» **Assignment**:
Set the listing down again in full, word for word, with the pictures left out.
┌─ Data for processing
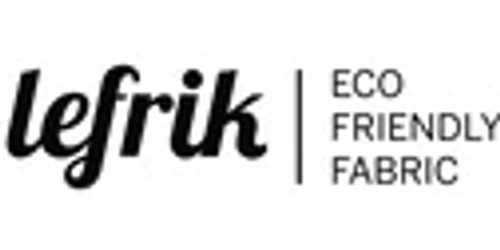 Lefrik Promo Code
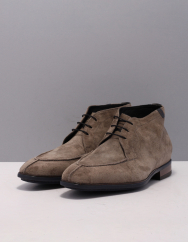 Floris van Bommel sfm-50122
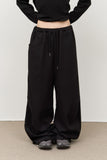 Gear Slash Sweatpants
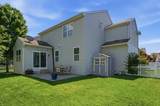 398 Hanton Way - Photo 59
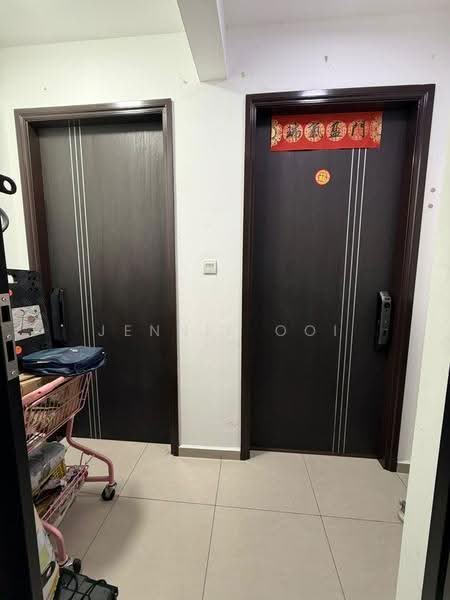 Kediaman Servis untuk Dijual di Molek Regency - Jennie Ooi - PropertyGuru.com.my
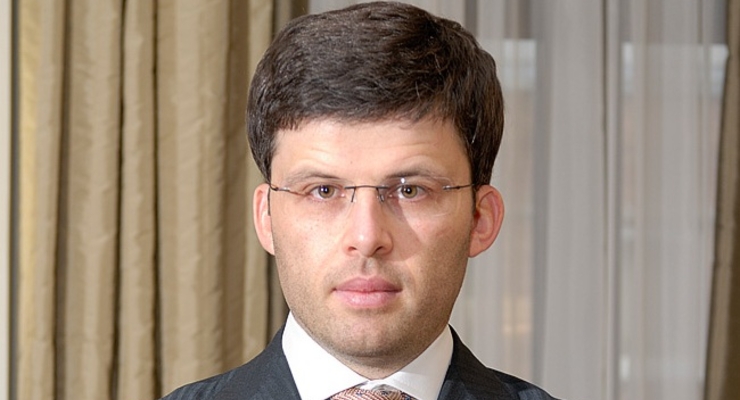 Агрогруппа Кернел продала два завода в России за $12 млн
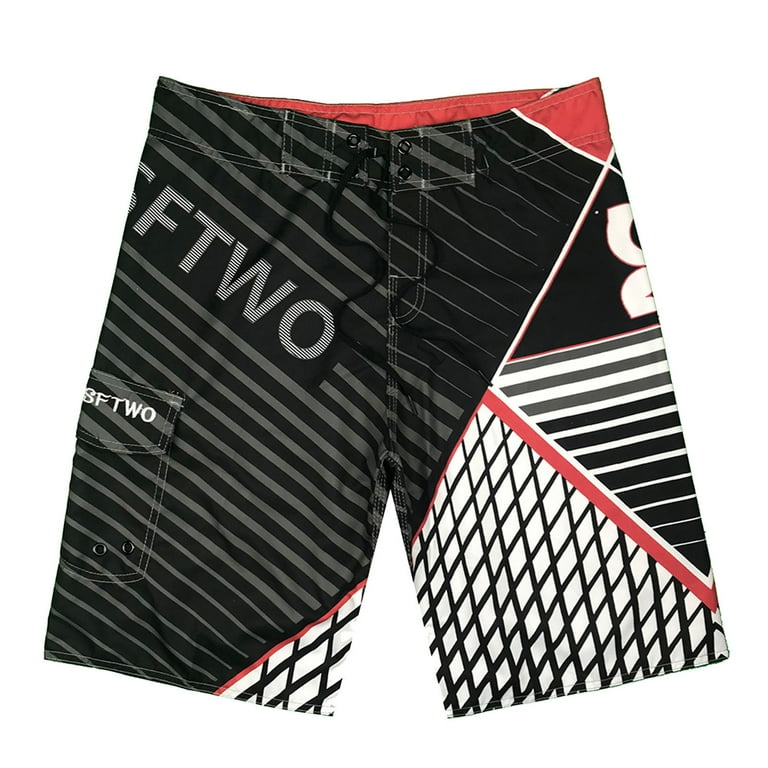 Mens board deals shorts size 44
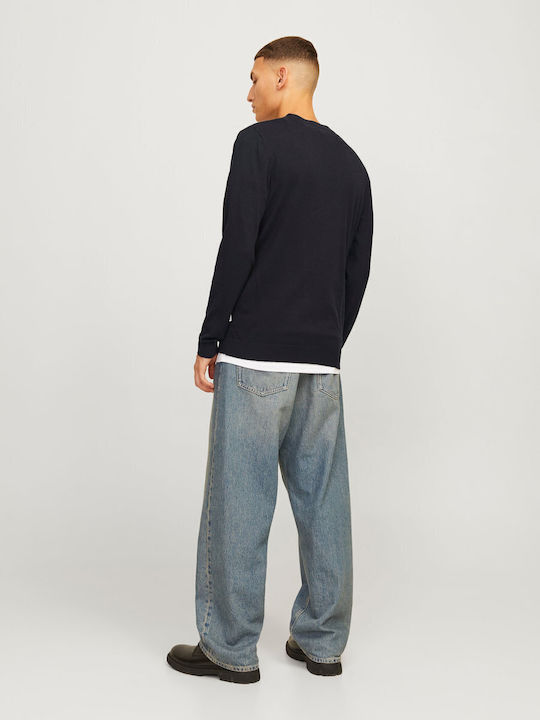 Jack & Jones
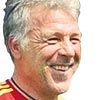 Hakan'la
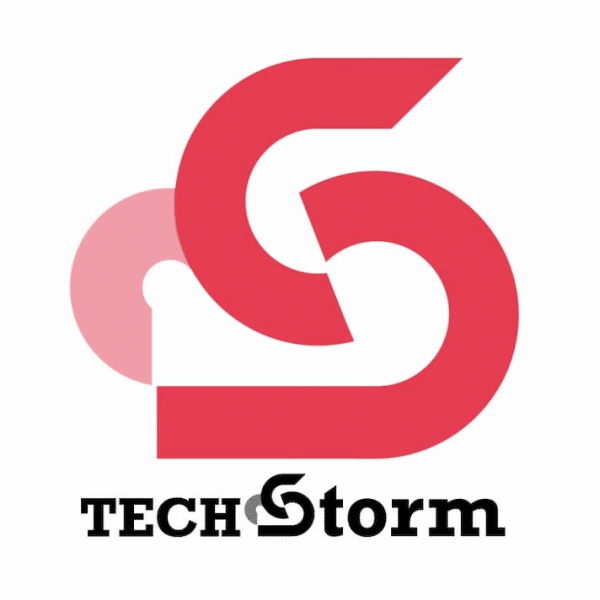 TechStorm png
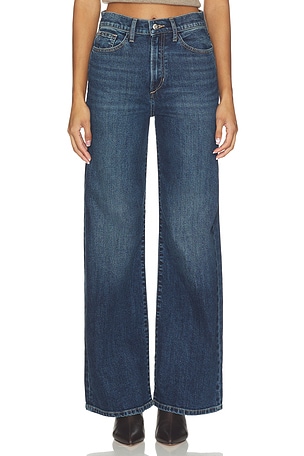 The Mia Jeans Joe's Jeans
└─
» **Output for this exercise**:
 Lefrik Promo Code
 Floris van Bommel sfm-50122
 Gear Slash Sweatpants
 398 Hanton Way - Photo 59
 Kediaman Servis untuk Dijual di Molek Regency - Jennie Ooi - PropertyGuru.com.my
 Агрогруппа Кернел продала два завода в России за $12 млн
 Mens board deals shorts size 44
 Jack & Jones
 Hakan'la
 TechStorm png
 The Mia Jeans Joe's Jeans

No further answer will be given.